I would like to extend my sincere congratulations and warm greetings to Hon. Ms. Sujata Koirala for her outstanding political achievements.

Who is Sujata Koirala?

Newly appointed Hon. Minister Ms. Sujata Koirala is a strong and active women personality of Nepal Congress Party of Nepal, who holds special expertise in national and international political arena. She has been working as a capacity of chief: International Division of Nepali Congress Party. She is executive member of central committee of Nepali Congress Party and member of Interim Parliament too. Besides, only she has got a grand opportunity to observe the evolution of political and democratic development in Nepal since her childhood by empirical observation through the eyes of G.P Koirala. She is informally in active politics since her uncle BP and father GP Koirala were actively involved in the democratic revolution in Nepal despite of living and exiled life in India and after 1990 she adopted officially active political career.

Why Sujata is appointed as a Minister?

Basically her appointment is considered as a part of state commitments towards women inclusion in the overall State affairs & decisions making system. She holds more than enough political, legal and professional capabilities and is emerging as a most eligible candidate for Minister, in the Nepali Congress Party and nation too. Before blaming her as a part of nepotism or favouritism, one can also compare her with other existing and past women members of minister council. Obviously, she would be more eligible than others (7 indicators to conclude this.)

Beginning of political affiliation and activities, academic ground, professional capability, contribution for social development and welfare (She has been contributing more than the local State mechanisms through her NGOs/charity/foundations in various sector and part of Nepal), capabilities of international relation and political diplomacy, political and social hold in respective area and sector, popularity in national and international affairs, & Personal and political performance.

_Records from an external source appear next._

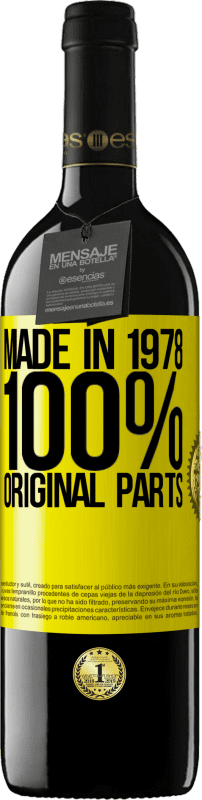 39,95 € | 红酒 RED版 MBE 预订 1978年制造。100％原始零件 黄色标签. 可自定义的标签 预订 12 个月 收成 2014 Tempranillo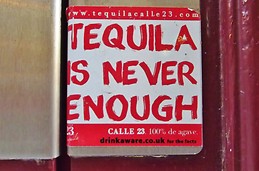 Tequila is Never Enough- Yes it is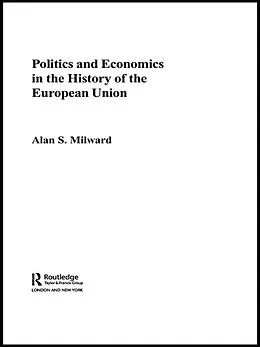 E-Book (epub) Politics and Economics in the History of the European Union von Alan Milward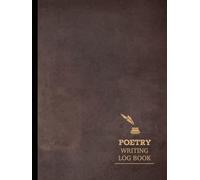 Poetry Writing Log Book: Poem Journal. Track & Capture Every Poetic Thought. Ideal for Poets, Writers, and Creatives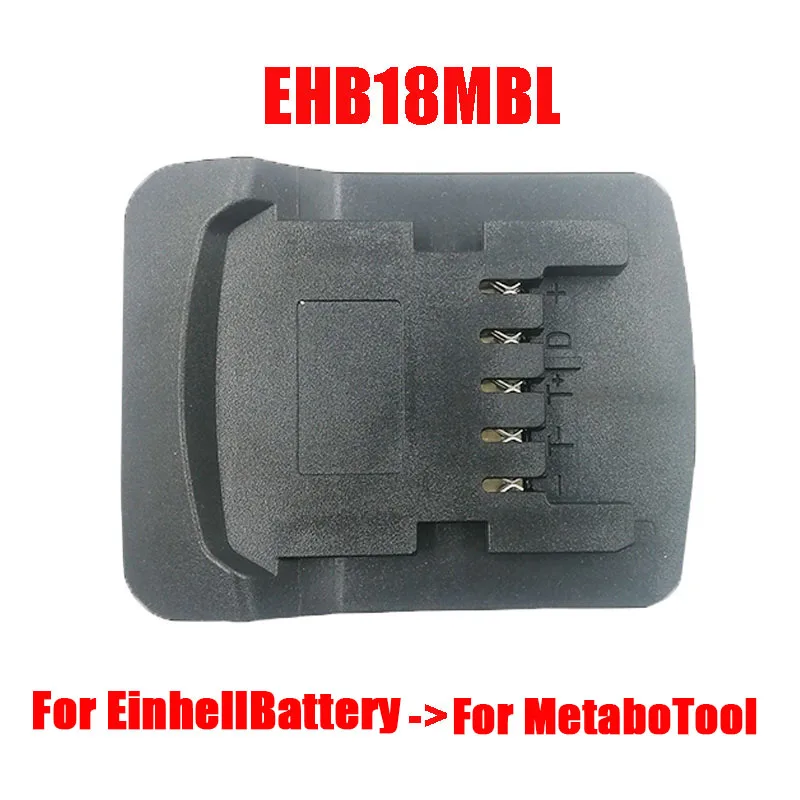 Imagem -04 - Adaptador Conversor para Einhell Li-ion Bateria para Hitachi Hikoki para Makita para Metabo Ferramenta de Lítio Ehb18mtl Ehb18htl Ehb18mbl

However, these comparisons must be based on the span of age and his/her achieved political productivity.

What are her major exclusive political contributions in Nepali Congress Party?

A. She must be congratulated for the greater role and contribution in women empowerment, and women mainstreaming works inside the parliament, government and her own male-dominated traditional political party of Nepal. B. She must be accredited for the Institutional development and internationalization of Nepali Congress party and its mechanisms. C. Her one of the major achievement is constitution and effective expansion of the various wings of Nepali Congress Party in various part of the world including Europe. D. She is only one the non-Madheshi central members of Nepali Congress Party who has been boldly raising and advocating the Madheshi and issue of minorities ethnic groups and harmoniously coordinating with various Madheshi and other ethnic leaders and parties to resolve the contemporary ethnic issues. & E. She has been maintaining very good relations with various donor agencies, global renowned personalities, international political leaders, diplomats and institutions on behalf of the Nepal Congress Party.

What are her major strengths for her political career?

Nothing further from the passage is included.